ECONOMIC empowerment for women requires addressing cross-cutting issues such as gender stereotypes, discriminatory legislation, gender-based violence and unequal access to education and decision-making positions, says Margaret Mensah-Williams, president of the IPU Bureau of Women Parliamentarians.
Mensah-Williams was speaking at the 61st session of the Commission on the Status of Women under the theme ‘Empowering parliaments to empower women – making the economy work for women’ in the United States recently. It was attended by close to 140 members of parliament from 47 countries focusing on parliamentary strategies to advance women’s economic empowerment.
“We need to use data out there and campaign for lifting discrimination. Having 173 countries with discriminatory legislation can no longer be tolerated. We can’t tolerate either having only 23.3 percent of women in parliament. We need to have more women in decision-making positions as this provides the ground for women’s economic empowerment. This is something the IPU has been promoting for many years now, and we will continue doing together with all of you and partners such as UN Women.
“Parliaments must review their labour and social policies to promote equality at work. We need available and affordable childcare.

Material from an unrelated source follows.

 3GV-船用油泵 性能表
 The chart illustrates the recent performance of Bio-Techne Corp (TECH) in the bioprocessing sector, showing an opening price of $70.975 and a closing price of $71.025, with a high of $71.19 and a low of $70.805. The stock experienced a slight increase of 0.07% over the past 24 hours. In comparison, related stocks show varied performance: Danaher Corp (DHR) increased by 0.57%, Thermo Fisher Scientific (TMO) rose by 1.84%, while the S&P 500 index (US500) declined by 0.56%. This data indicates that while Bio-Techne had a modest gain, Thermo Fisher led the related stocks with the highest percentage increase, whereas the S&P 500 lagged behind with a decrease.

Also, we must ensure that unpaid care work is shared between men and women if we are to ensure equality in paid work. This is key to achieving Sustainable Development Goal 5, and in particular target 5.4. We also need legislation on equal pay. Social protection coverage must cut across all sectors, including those mostly occupied by women – such as the care economy and the informal sector – but also for self-employed women. We must ensure work is a safe place for women and combat sexual harassment. Also, measures for women to be at the leadership of companies are required,” Mensah-Williams said.
She also said that there was a need to promote women’s ability to hold purse strings and make economic decisions so as to own land, access credit, invest freely, save and start businesses.
“Specific, targeted measures for women’s financial inclusion are key. Financial services must be accessible and affordable, but women also need support to increase their chances to access available opportunities. Budgets and fiscal policies must also be scrutinised through a gender lens so that they deliver for women.”
The session concluded that women, especially those with disabilities require attention by legislators, Government officials and gender advocates to ensure they are represented in parliaments.
“All legislation for women’s economic empowerment requires strong oversight from parliamentarians to ensure that laws passed are implemented, resourced, monitored and that they deliver for women. Data collection, in particular gender disaggregated data, are key to inform our decisions and promote gender-sensitive reform. This way we can also ensure accountability. Partnerships are a must. We need partnerships among women, partnerships with men and also with financial institutions and civil society organisations.”